Now if you’re thinking “but we know Armstrong used EPO” then you’re right. But the leak gives us the paper proof that the UCI knew the test was suspicious. Given they had a rider with such suspicious numbers, the question what did they do next? Ideally they should have been watching the suspicious rider much more closely and testing more often. How many more times was Armstrong tested as a result?
As the UCI has stated many times there is no relationship between the testing of Mr Armstrong and the two donations he made to the UCI. As indicated above, as there was no positive test there was no test to conceal and no need for an incentive to attempt to have a test concealed.
That’s from a UCI press release issued in the wake of the USADA report six months ago. Since the UCI brings up incentives, note if there was no positive the UCI was still in a powerful position with the strongly suspicious note. Anyway, did the UCI move to test the rider more? There’s also the unresolveed issue of people connected to the US Postal team visiting the lab to discuss the test data with lab manager Martial Saugy.
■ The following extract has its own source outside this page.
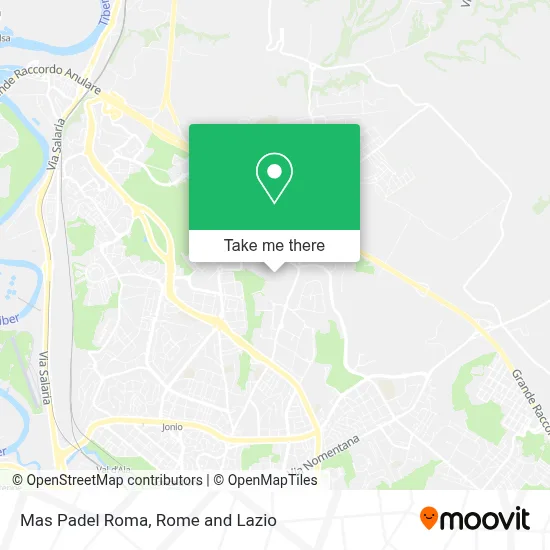 Mas Padel Roma map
After ad lib and ex post, now the Latin idea of cui bono or who gains? In some senses the leaked legal advice presented here reads like a public relations smokescreen rather than an analysis of the sporting law. If the UCI didn’t uphold its own rules in the past, a decade later it seems the efforts to justify this continue. Similarly with the leaked paperwork from 2011 we see proof of the high score and suspicion on paperwork. Who gains from making us think about how the UCI interpreted this?
If you think this is about 1999 and Armstrong, think again. Just because a test is new doesn’t mean old habits should be tolerated and if we can see the obvious reasons why the UCI let Armstrong ride on, it remains a breach of the UCI’s own rules. Who signed off on this sidestep of Article 43 and are they still, perhaps in an honorary role, still at the UCI? And just how does today’s generous adaptation of Article 43 stand up?
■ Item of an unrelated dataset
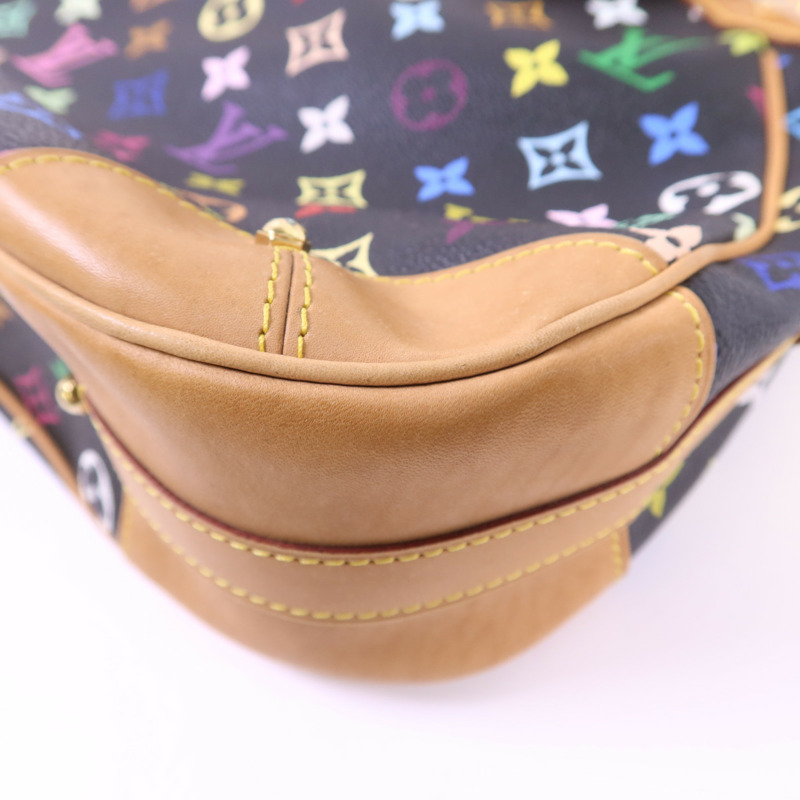 LOUIS VUITTON Monogram Multicolore Greta金扣肩背袋-13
The most interesting thing is not what the UCI did in 1999, it’s how it continues to justify it today and resorts to the obfuscation of blaming others and reshaping the rules with the most liberal of interpretations. Apply Oprahvision hindsight and we can see the UCI was bending the rules for all the wrong reasons. It’s still struggling to confront this today as today’s media release shows.
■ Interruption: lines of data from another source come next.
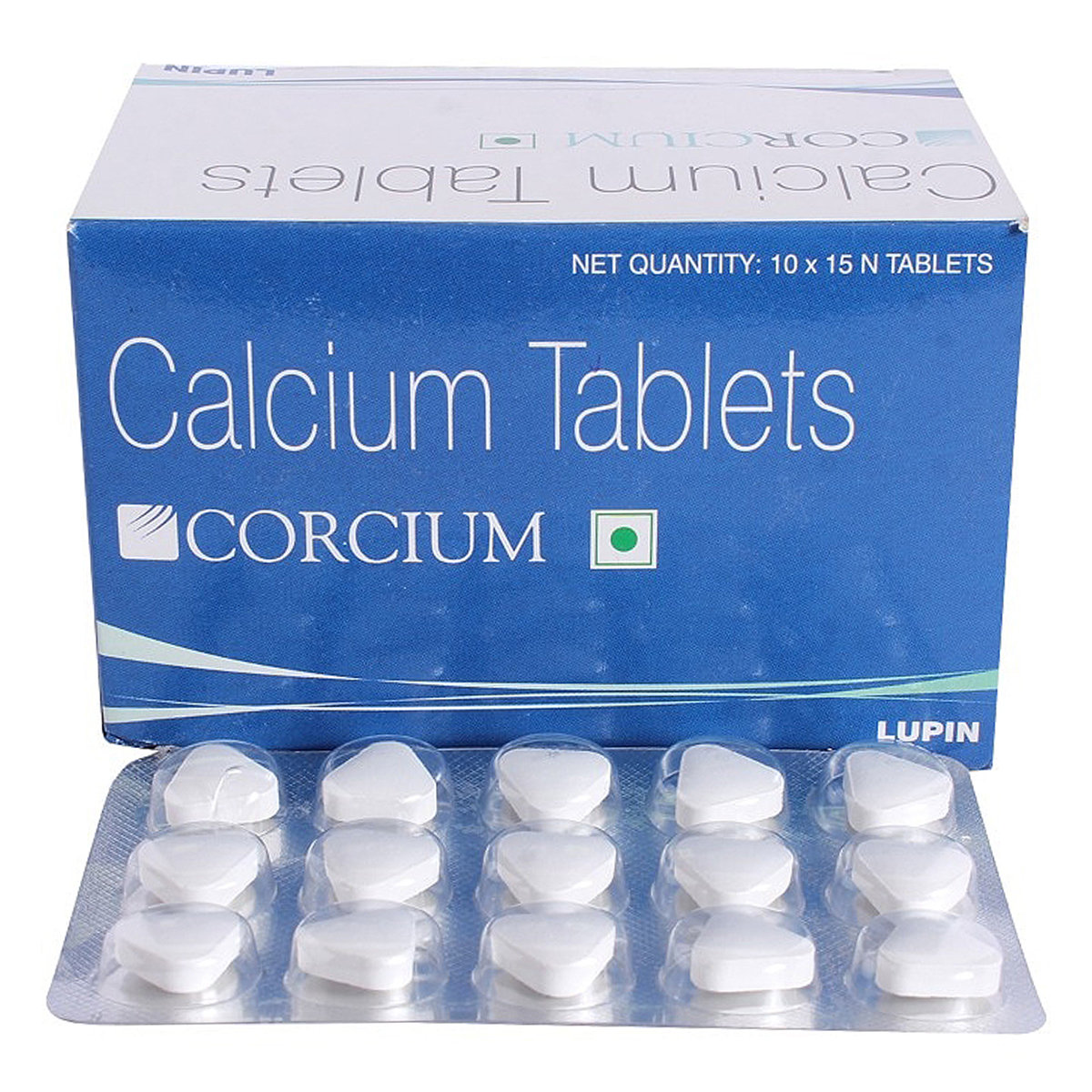 Corcium Tablet 15's, Pack of 15 TABLETS Corcium Tablet 15's, Pack of 15 TABLETS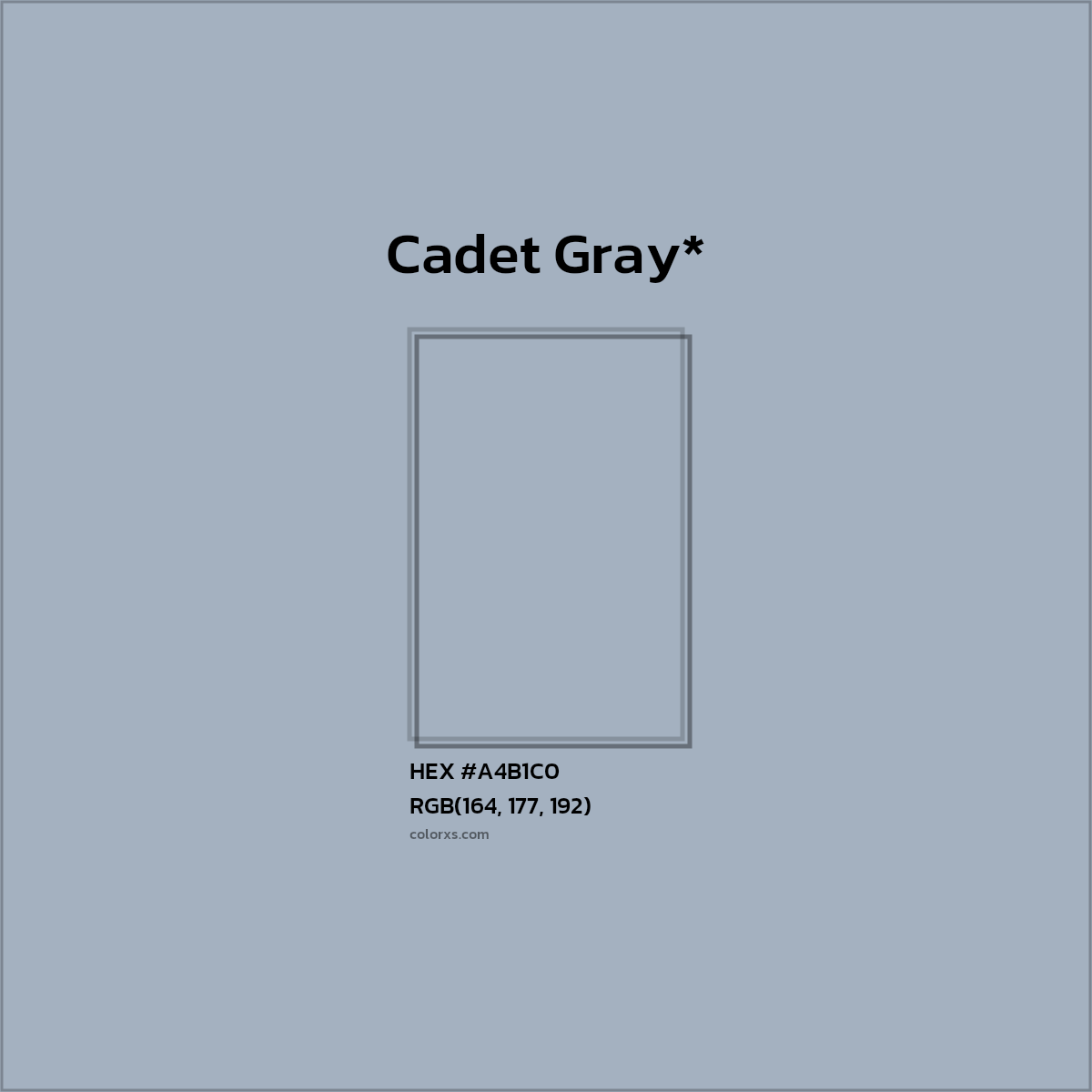 HEX #A4B1C0 Color Name, Color Code, Palettes, Similar Paints, Images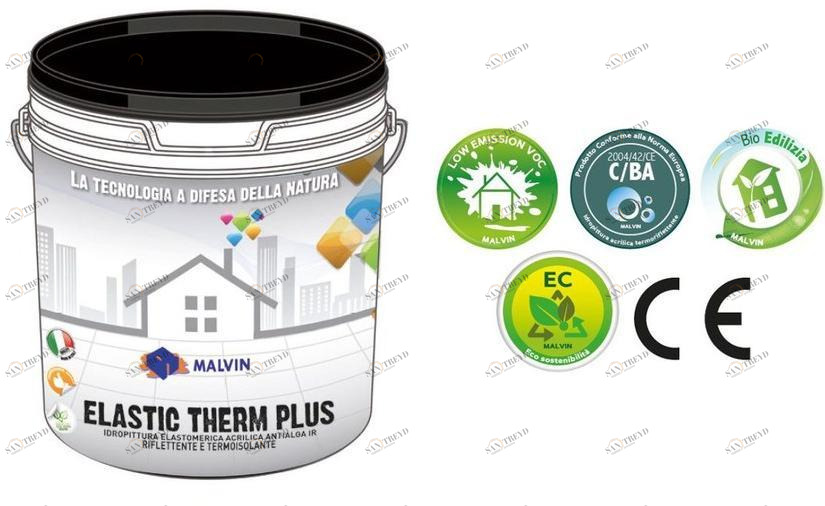 malvin Акриловая эластомерная краска на водной основе против водорослей sun-id-1347140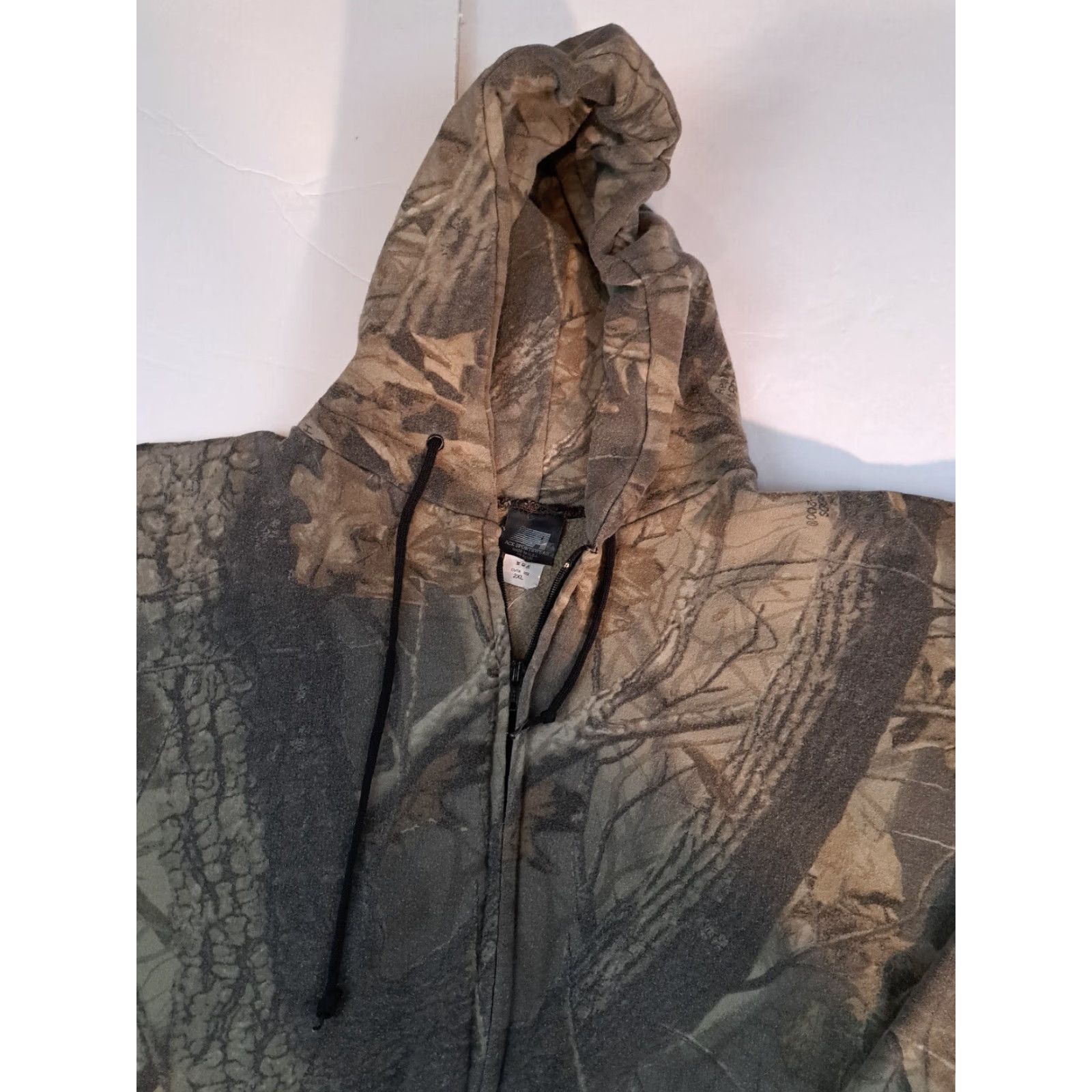 Vintage ACE USA Camouflage Full Zip Hooded Jacket Sweatshirt 2XL Men Regular Fleece Pockets Hooded Camouflage USA 28in 27in pit to pit (Ace) Size US XXL / EU 58 / 5 - 3 Thumbnail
There’s the role of the media too. Back in the day only a few journalists cared for Article 43. Even today dedicated cycling journalists are getting confused by the stories, claiming “news” of four positive tests when they were previously announced shows just how hard it is to keep up, especially as the past slips further and further away. The aborted Independent Commission was going to be so valuable but it wasn’t working, proved expensive and was getting inconvenient for some. Progress towards some kind of “truth and reconciliation” concept seems slow. For now we’re back to leaks, suspicion and confusion. Just like the old days.